“Is it just them?” I ask.
“As far as I could tell.” Devon looks uneasy with giving even that much confirmation.
It could be her. She could be the one who coerced Izzy into jumping. Or, maybe it was the two of them together. That might explain how the power was so overwhelming. When I saw them at Theta Iota, they were maybe ten feet from the Delta Pi Gamma’s yard. I didn’t see either of them during the actual event, but then again, I wasn’t looking and it wouldn’t have taken much to hide from Devon, who was distracted by what was happening to me and had obviously never noticed them before.
The idea of willingly confronting the source of the power that enveloped me so entirely makes my heart flip around in my chest, like a dog straining on its leash.
But if they hurt Izzy, then they likely also murdered Lennie, and that is not going to slide.
“Stay here,” I tell Devon, as I slide off the bed and stuff my feet into my shoes.
“They’re like us?” he asks.
“Yeah, I think so.” Standing around at five thirty in the morning in a motel parking lot alone, staring at a room, is a weird thing for anyone to do, but it makes more sense for a pair of spawn than regular old humans. “If it’s who I’m thinking of, I’ve seen thembefore. She was outside the police station and they both were across the street from the Oats.”
He processes that information. “The spawn you’ve been looking for,” he says, and it’s not a question. “What are you going to do?”
End this. Try not to die in the process.That doesn’t sound particularly confident, so I keep it to myself.
I shrug into my coat—Carter’s coat—and for a second, regret claws at me so hard I can barely breathe. Carter will never know what happened to me. Not really. Maybe that’s for the best. But I’m almost positive he’ll blame himself.
I can’t do anything to change that, though. Not now.
I edge toward the window and peer through the opening in the curtains.
The paved lot is snow-swept and dim, except for the pool of light from the one functioning street lamp near the shell of the fenced-off pool.
The woman waits, hands tucked inside her pockets, hair loose around her shoulders. Just like when I saw her before. Only this time she isn’t pretending to be lost or checking her phone.
Next to her, the kid is rocking back on his heels, impatience radiating off him. His hood is down this time, revealing a closely shorn head. But the remaining hair sticks up in tufts at various intervals, either a bad cut or a sign of his frustration—it’s impossible to know which.
Flurries of snow scuttle along the ground and in the air, whipped by the wind, but not near them. The flakes hit an invisible wall around them and vanish. It’s as if they’re enclosed in a transparent bubble.
Someone’s repelling the moisture.
Shit.One of them is Sanguine. Technically, Sanguine’s spawn are drawn to water, subsist on water, control water, in all forms. Rivers, creeks, oceans, drainpipes, whatever. However, at some point, they decided the walking water bags that are human beings were much more convenient. It’s where the vampire legends come from. It’s not the blood they’re interested in, so much as the water.
However, more critical than any of that, at this moment, is that a Sanguine spawn might still hold a grudge against me. Specifically.
“This is probably going to get messy,” I warn Devon as I start for the door.
“I’m coming with you,” he says, following me.
I glare at him over my shoulder. “No.”
“Stop me, then,” he says with a raised eyebrow.

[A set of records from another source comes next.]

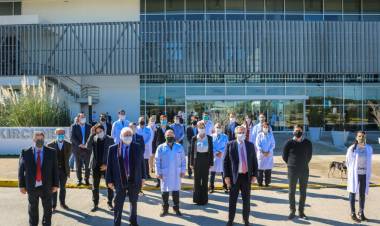 El Presidente Alberto Fernández conoció el Hospital Néstor Kirchner y recorrió su nueva ala de internación
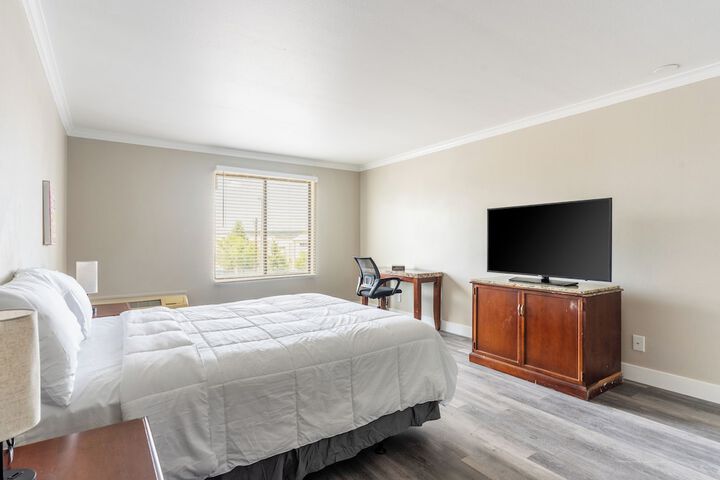 Room 70 of 82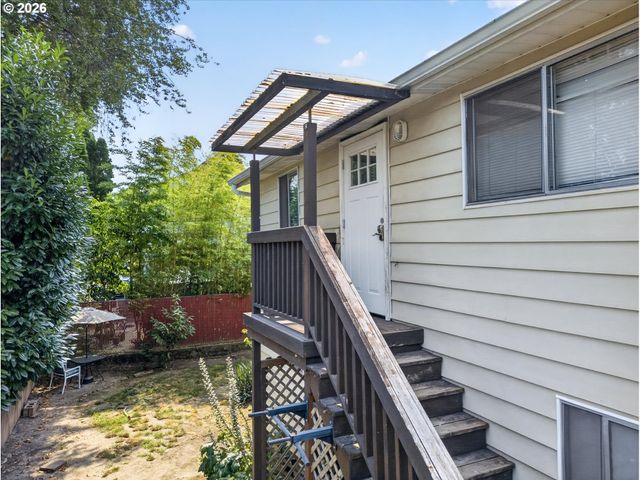 1414 Se LAMBERT St, Portland, OR 97202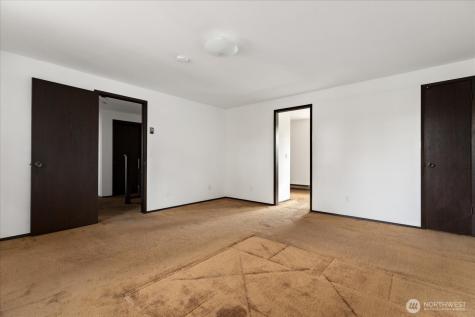 1076 NW Kitsap Terrace Oak Harbor WA 98277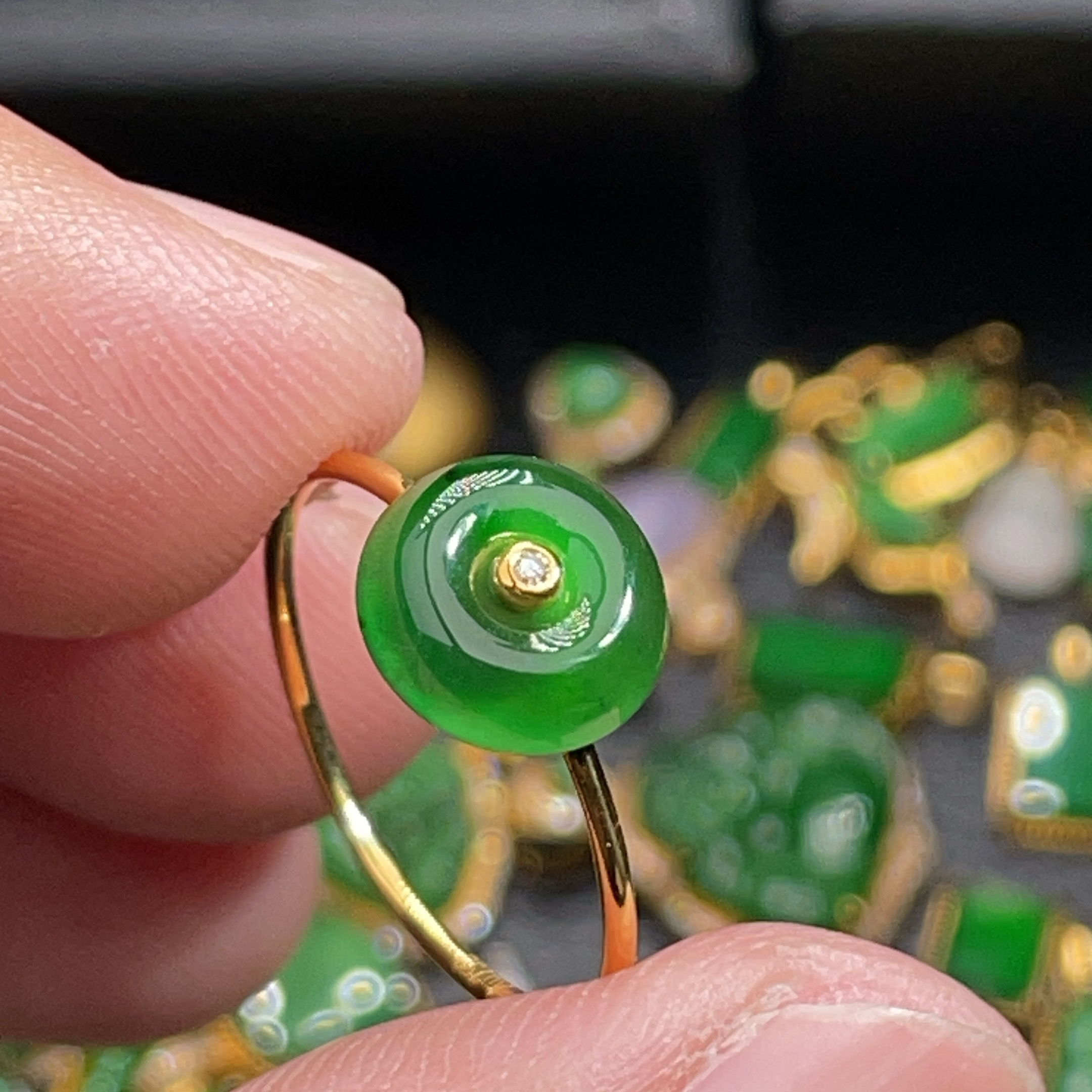 18K金天然翡翠A货-1280平安扣满绿戒指K黄阳绿镶嵌钻石珠宝玉石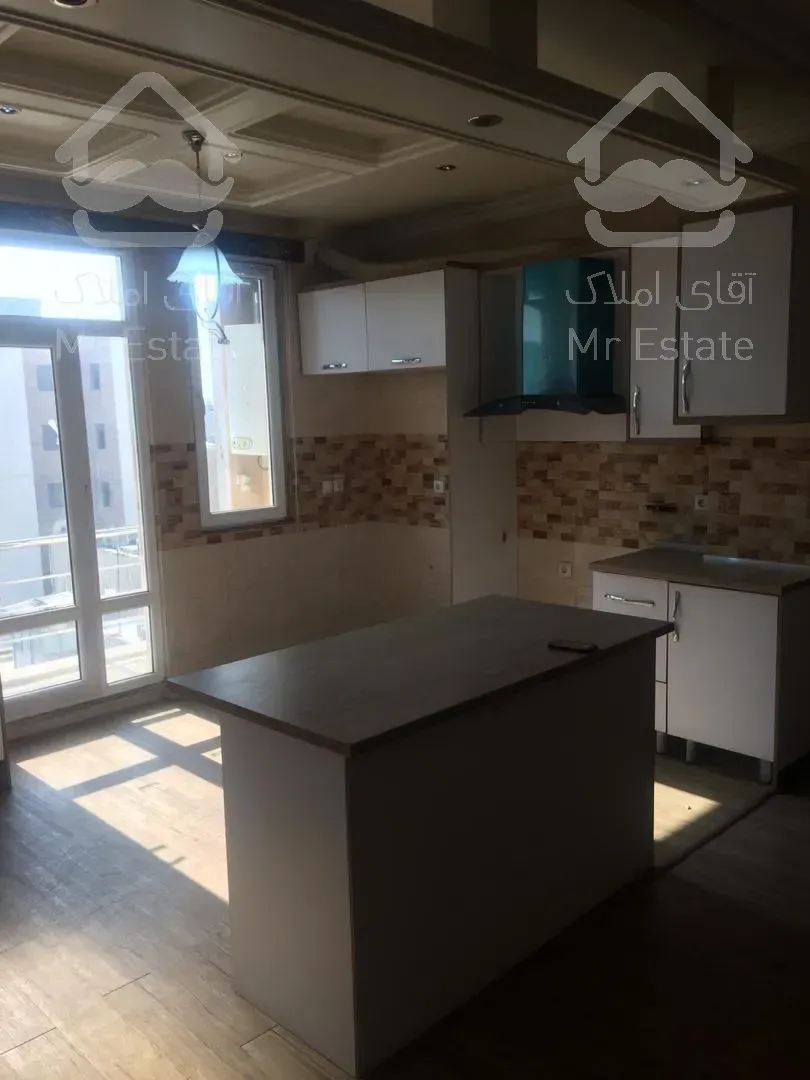 ۱۰۵متر آپارتمان صادقیه زیر قیمت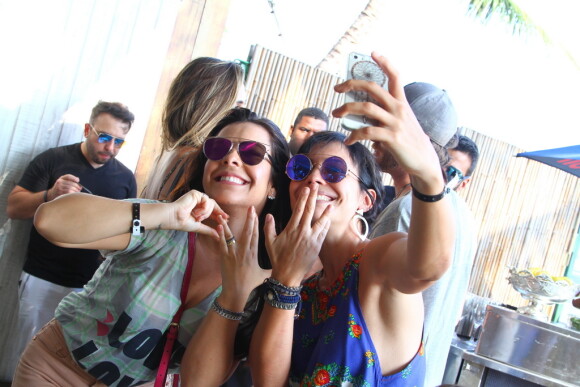 Fernanda Souza e Julina Knust posam para selfie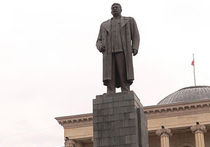 Грузины опять призвали Сталина 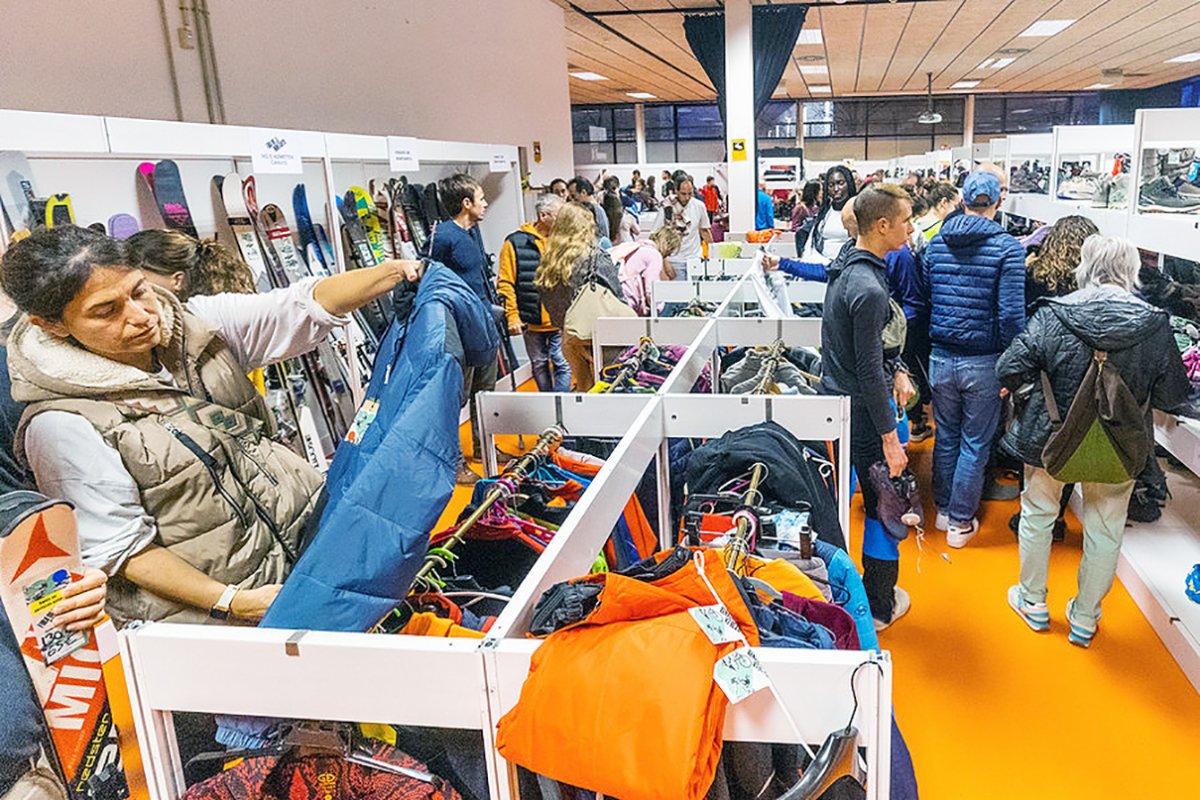 Ambinet als estands de la Fira de Muntanya de l'any passat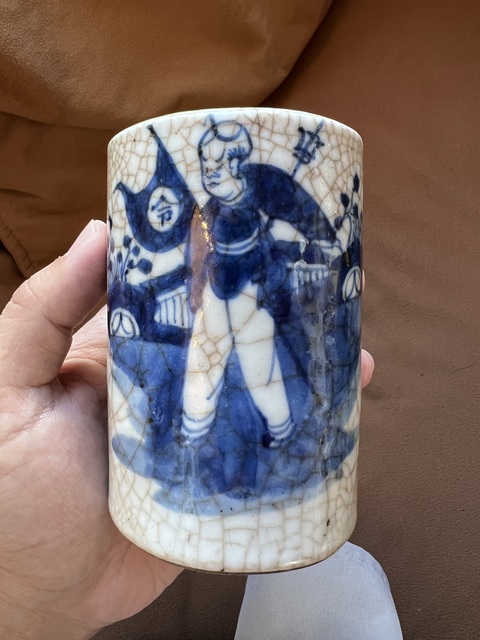 古玩陶瓷哥釉地青花刀馬人筆筒真品鑒賞圖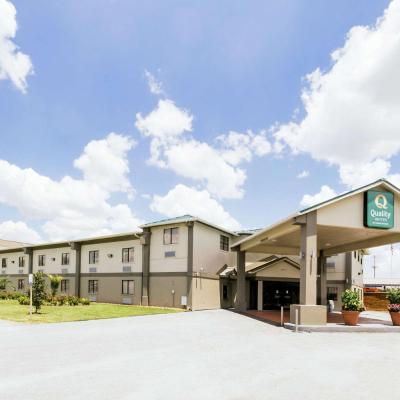 Quality Suites Houston Hobby Airport (7775 Airport Boulevard TX 77061 Houston)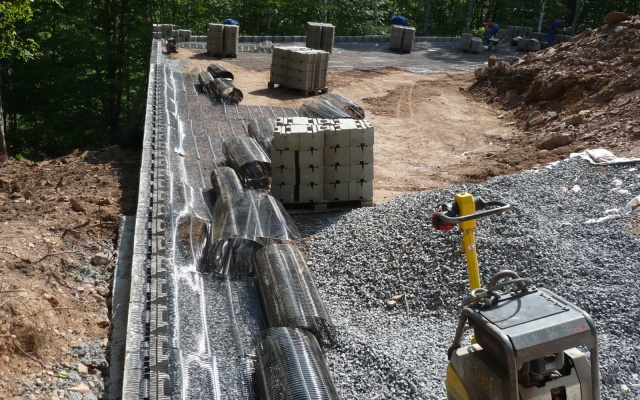 Opěrná zeď vyrovnávající strmý terén stanice lanové dráhy sjezdovky v Klínech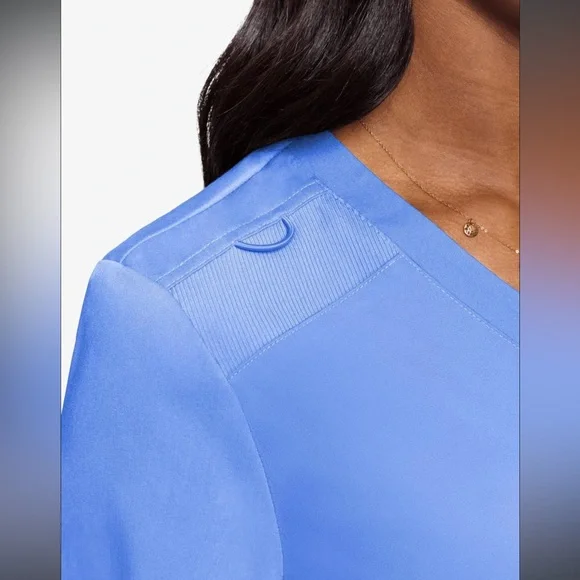 2 Pack Med Couture V Neck Scrub Top Chest Pocket Tuck in Ciel Blue Uniform (2) - Picture 4 of 13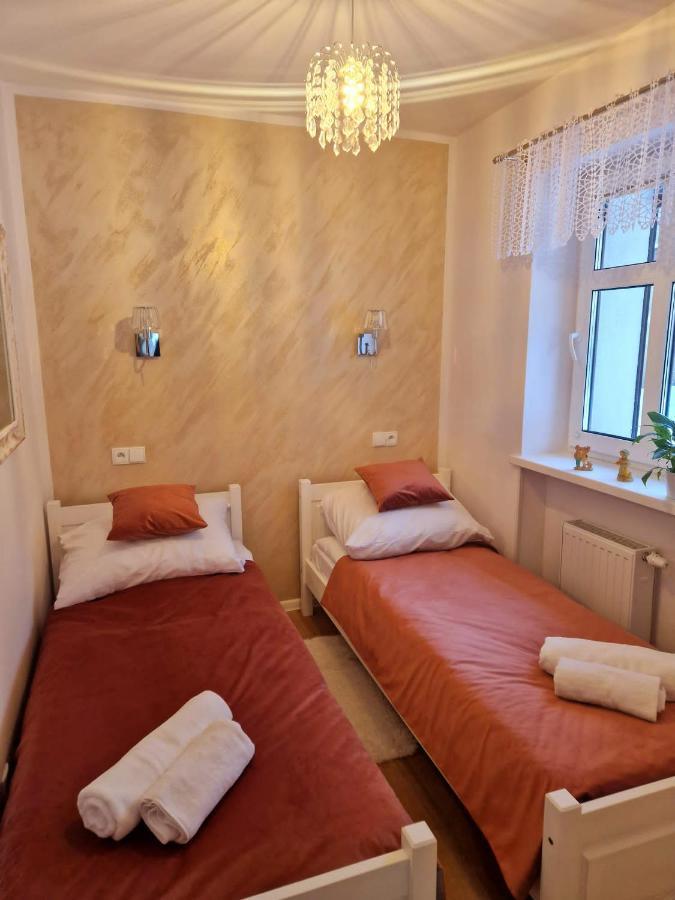 Apartament Przy Deptaku Jelenia Gora Luaran gambar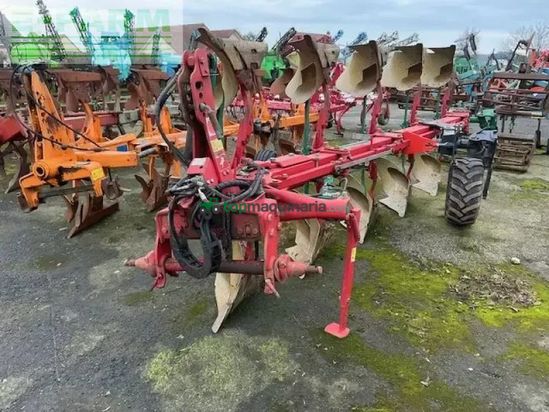 Arado - Kverneland - charrue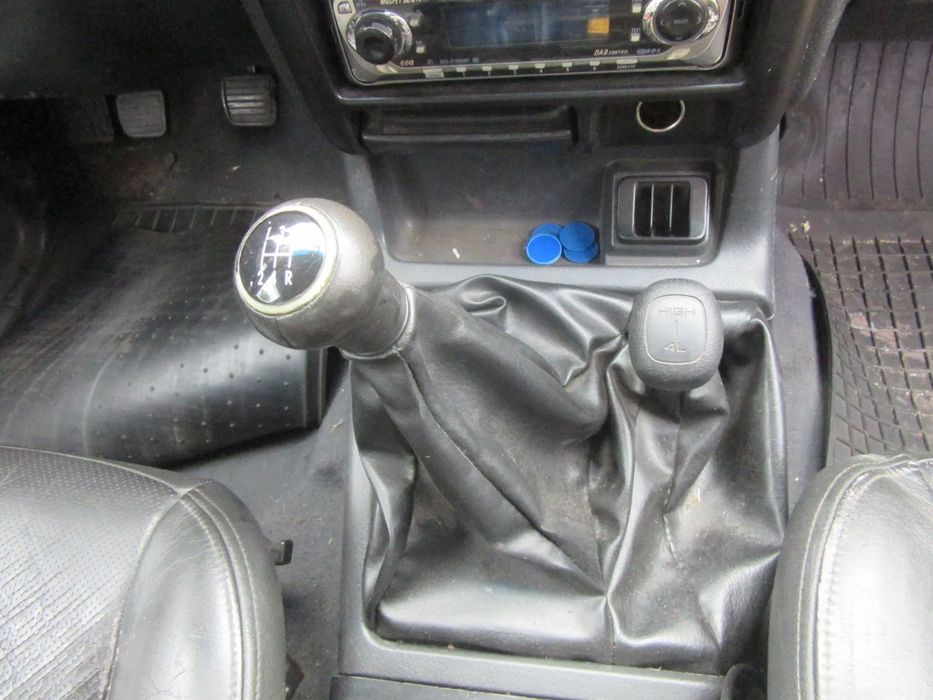 PRZEKŁADKA SKRZYNI AUTOMATYCZNEJ NA MANUALNA ZESTAW CZĘŚCI 3.2 V6 Opel Frontera B 2002 Wszystkie części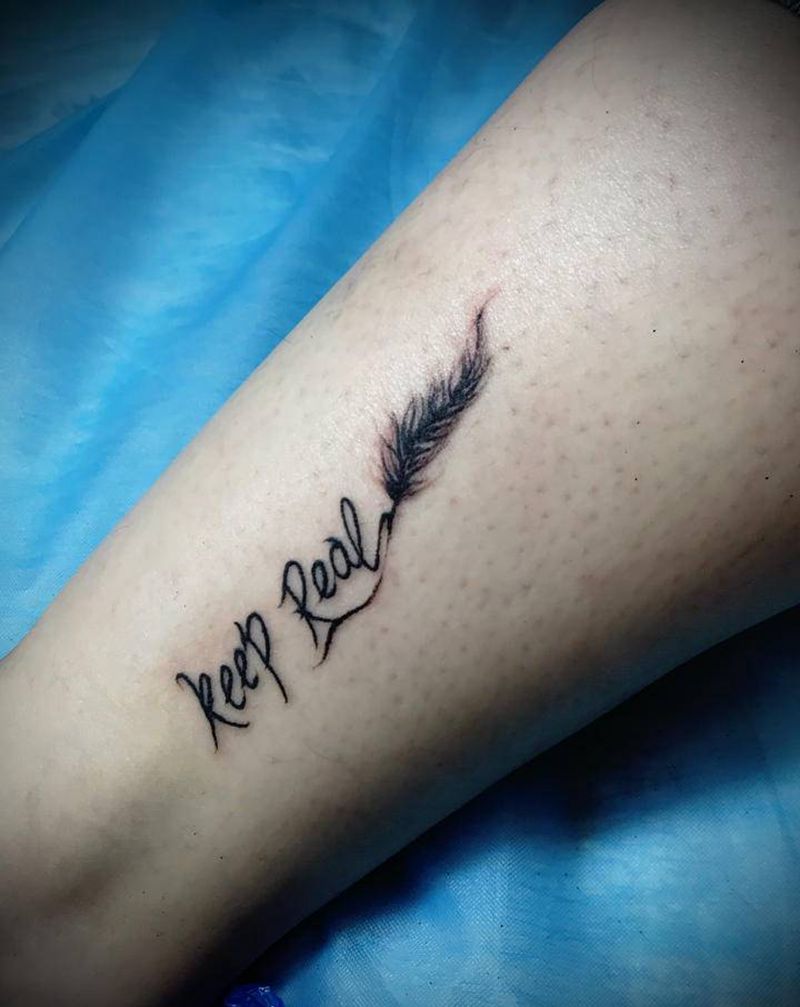 keep real纹身图片_腿部几何小字母羽毛纹身图案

I grit my teeth but say nothing. I should feed on him, draw his life force down, just to show him. But I can’t risk taking too much—he is still mortal—and… it goes against everything I believe in.
Even when your own life is at stake?
Apparently. Annoying, but true.
“Fine. Just… stay back.” I don’t wait to see if he agrees because, frankly, there’s nothing I can do about it if he doesn’t.
Yanking open the door, I step outside. Which is the exact moment my stomach chooses to rumble impatiently. Way to announce your own vulnerability.
I push my hand against it to stop the noise. Devon was right. I should have sought out more opportunities to feed last night, in my own way. It’s like walking into a battle with a gun and no bullets.